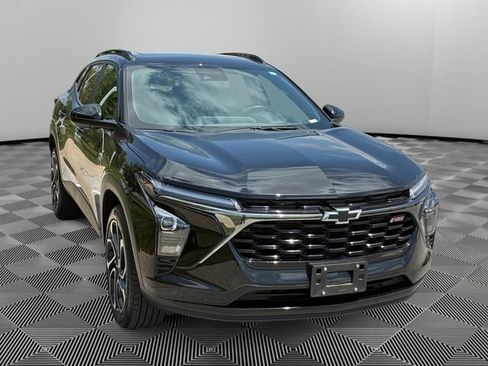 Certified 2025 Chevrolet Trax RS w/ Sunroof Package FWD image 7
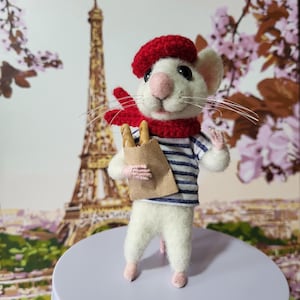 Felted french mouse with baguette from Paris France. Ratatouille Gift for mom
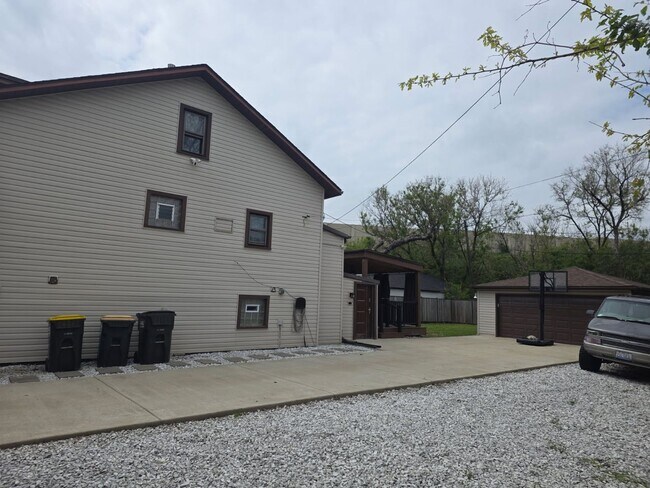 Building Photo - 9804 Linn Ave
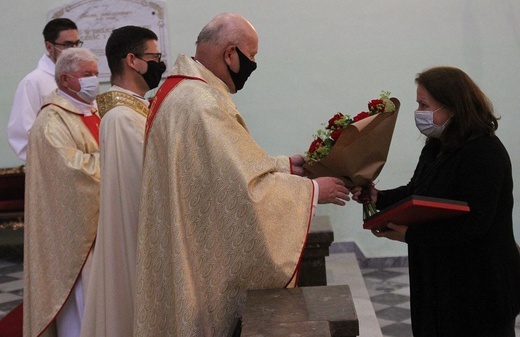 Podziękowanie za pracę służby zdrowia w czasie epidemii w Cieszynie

===

> **Task goal**: The material shown above is to be repeated verbatim, and its pictures are to be omitted.

> **Exercise response**:
 Certified 2025 Chevrolet Trax RS w/ Sunroof Package FWD image 7
 Felted french mouse with baguette from Paris France. Ratatouille Gift for mom
 Building Photo - 9804 Linn Ave
 Podziękowanie za pracę służby zdrowia w czasie epidemii w Cieszynie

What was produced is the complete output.